Temperatures Exceed 100 Degrees F North of the Arctic Circle

A satellite image showing surface temperatures in Eastern Siberia on June 19.

A satellite image showing surface temperatures in Eastern Siberia on June 19. Copernicus/Sentinel3

Scientists with the World Meteorological Organization (WMO) are examining new data indicating that temperatures in the Russian town of Verkhoyansk — located north of the Arctic Circle — hit a record-breaking 38 degrees Celsius (100.4 degrees Fahrenheit) earlier this month. The region has experienced a prolonged heatwave, which started in January and is expected to last through at least August.

Temperatures in the region, for example, measured 10 degrees C (18.5 degrees F) above average in May. Snow cover melted and river ice in Siberia broke up “exceptionally early” this year as a result of the heatwave, according to the WMO.

“It has been an unusually hot spring in Siberia, and the coinciding lack of underlying snow in the region combined with overall global temperature increases, undoubtedly helped play a critical role in causing this extreme temperature observation,” Randall Cerveny, a climate scientist at Arizona State University and the WMO’s special expert on weather and climate extremes, said in a statement.

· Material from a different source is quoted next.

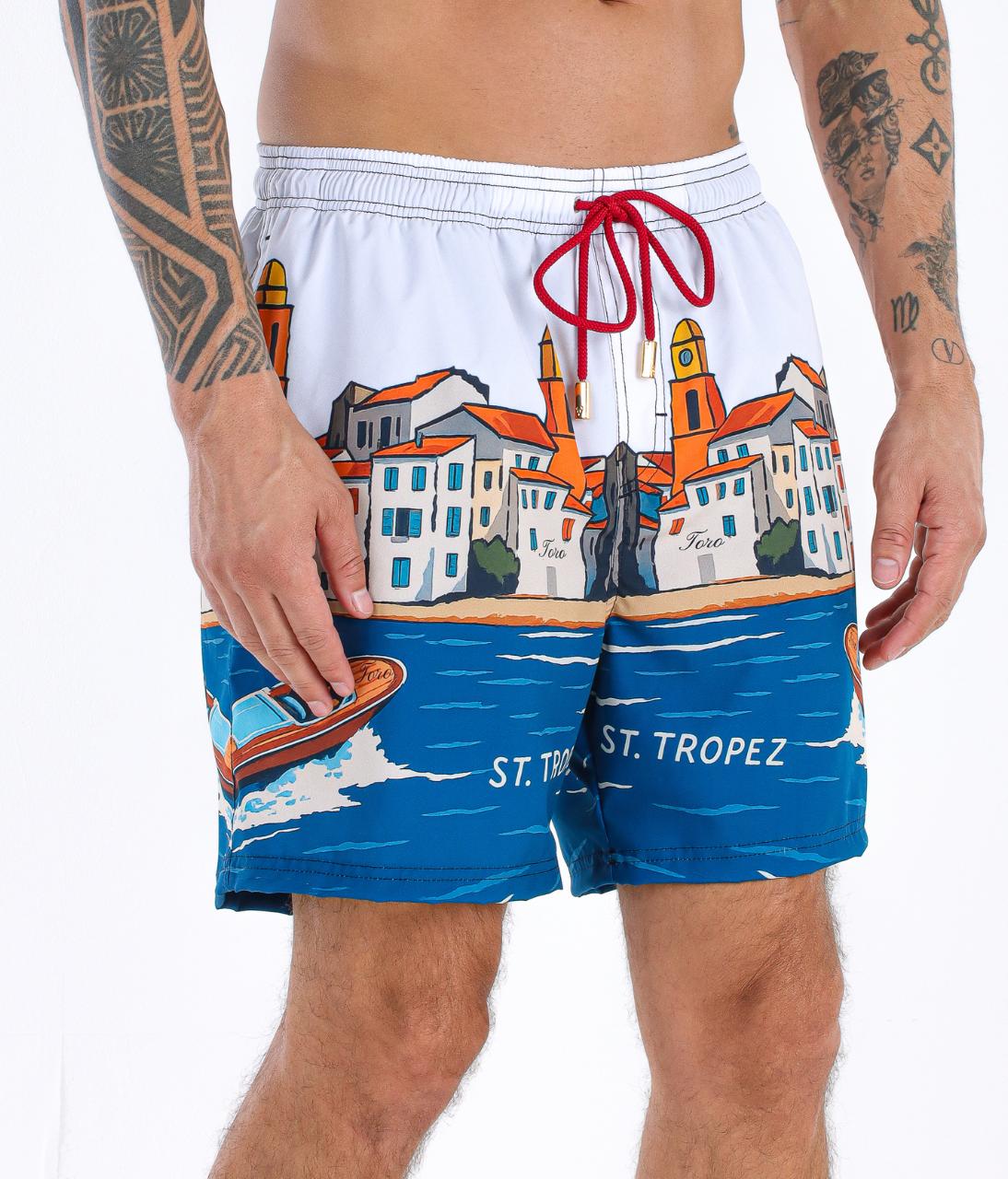 Short Toro ST. Tropez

The Verkhoyansk meteorological station, located in eastern Siberia in the Republic of Sakha, has been recording daily temperatures since 1885. The previous record of 37.3 degrees C (99.1 degrees F) was observed on July 25, 1988.

The WMO is currently working with Russian authorities to confirm the 38 degrees C measurement, recorded on June 20, but said it had “given tentative acceptance of this observation as legitimate,” noting it was consistent with other regional data.

“We’ve seen satellite images this morning and it’s just one mass of red. It’s striking and worrying,” WMO spokeswoman Clare Nullis told reporters at a briefing in Geneva, according to Reuters.

The Arctic is warming at nearly twice the global average. Annual surface temperatures from 2016 to 2019 have been the highest on record. And the volume of Arctic sea ice in September 2019 had declined more than 50 percent from the 1979-2019 average.